Q&A: Outsourced -- about India, filmed in LA
Computerworld's Patrick Thibodeau speaks with the show's co-executive producer, Alexandra Beattie.
Computerworld - NBC's fall season television lineup includes a new show called Outsourced, with a plot line aimed at the heart of workplace angst, the offshoring of jobs.
Outsourced sets its stage quickly. The main character, Todd, who is played by actor Ben Rappaport, has taken a job as a call center manager at Mid American Novelties but arrives, on his first day, to an empty office.
The only other person in the room, his boss, spells it out: The call center jobs have been offshored to India. Todd is told that working overseas is his only choice. "If you don't, I mean, we are already the right size, there are no more positions here," the boss tells Todd.
"Wait, you are saying go to India or I'm out of a job?" Todd asks.
In a flash, Todd is in India to manage his team and is plunged into a world of cultural and communication miscues, and it expands from there.
Tech offshore workers, whom he meets briefly in a cafeteria, dress in suits and ties, and come across as the elite in this universe. An expat who seems to refuse to embrace all things Indian warns Todd about the food. The first hints of a potential love interest emerge.

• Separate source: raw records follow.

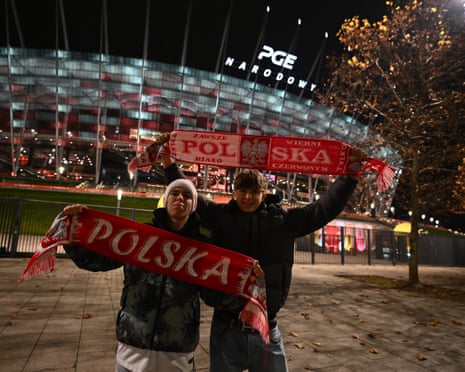Poland fans arrive at the stadium for the match against Netherlands.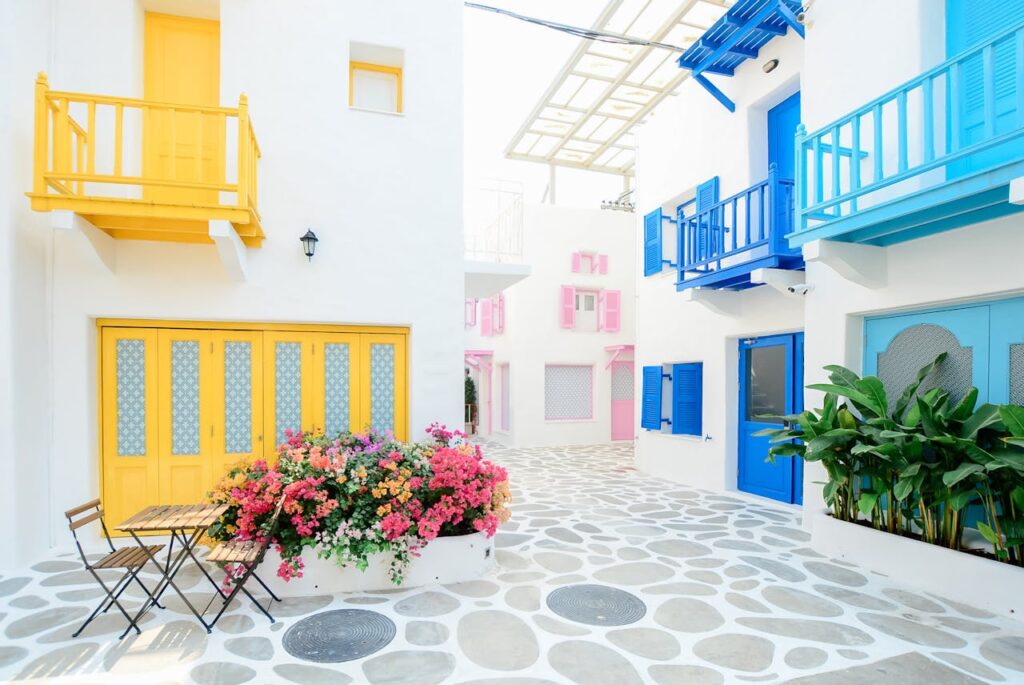 Architectural Photography of Three Pink, Blue, and Yellow Buildings in Greece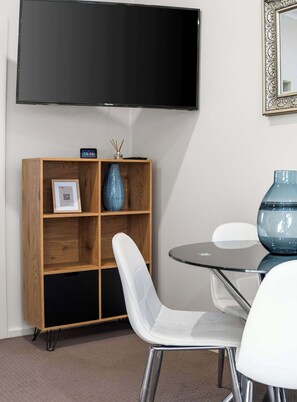 A modern room with a wooden cabinet, a glass table, white chairs, and a flat-screen TV mounted on the wall. - Prickly Pear Stays in Mayfield (Mayfield)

This isn't a Dateline special about outsourcing -- it's a comedy. Its workplace plot line may be familiar, particularly if you've seen the 2006 movie Outsourced, but it is nonetheless a show about outsourcing, and questions will abound.

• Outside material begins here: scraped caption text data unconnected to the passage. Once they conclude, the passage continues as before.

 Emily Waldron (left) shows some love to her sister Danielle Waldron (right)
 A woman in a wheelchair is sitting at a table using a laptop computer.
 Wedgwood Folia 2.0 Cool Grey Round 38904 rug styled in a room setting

Will it help humanize Indian workers for U.S. audiences, or reinforce stereotypes? Does the arrival of the show mean that Americans have accepted offshore outsourcing as routine? And how realistic will it be?

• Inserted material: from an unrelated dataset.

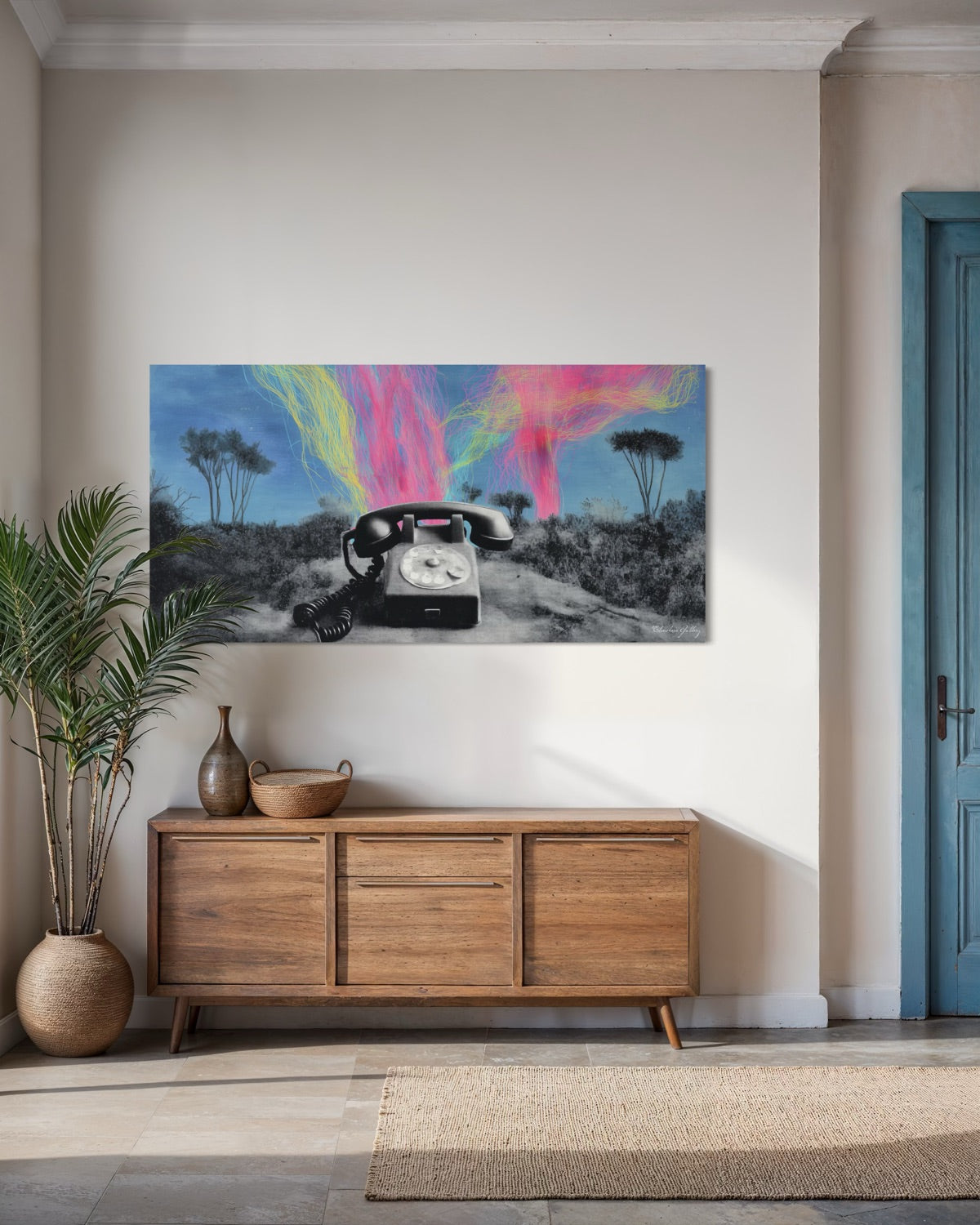 Modern interior with a wooden sideboard, decorative items, and a colorful abstract painting on the wall.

The answers will begin to arrive with the season premier on Sept. 23.
But among those who will be able to watch the show with a critical eye as a manager in India is Jeanne Heydecker, a marketing executive who moved to India 2007 and today lives near Delhi.
"One of the first things I noticed, coming in as a manager, was how intimidated everyone was -- no one would talk to me," Heydecker said via e-mail.
"No one understood individual accountability or the importance of sharing ideas with the boss. When I first had meetings, it was just me talking for an hour," Heydecker said. "I ended up bringing in a ball and throwing it to individual staff and forcing them to give me ideas, feedback. Brainstorming was a nightmare."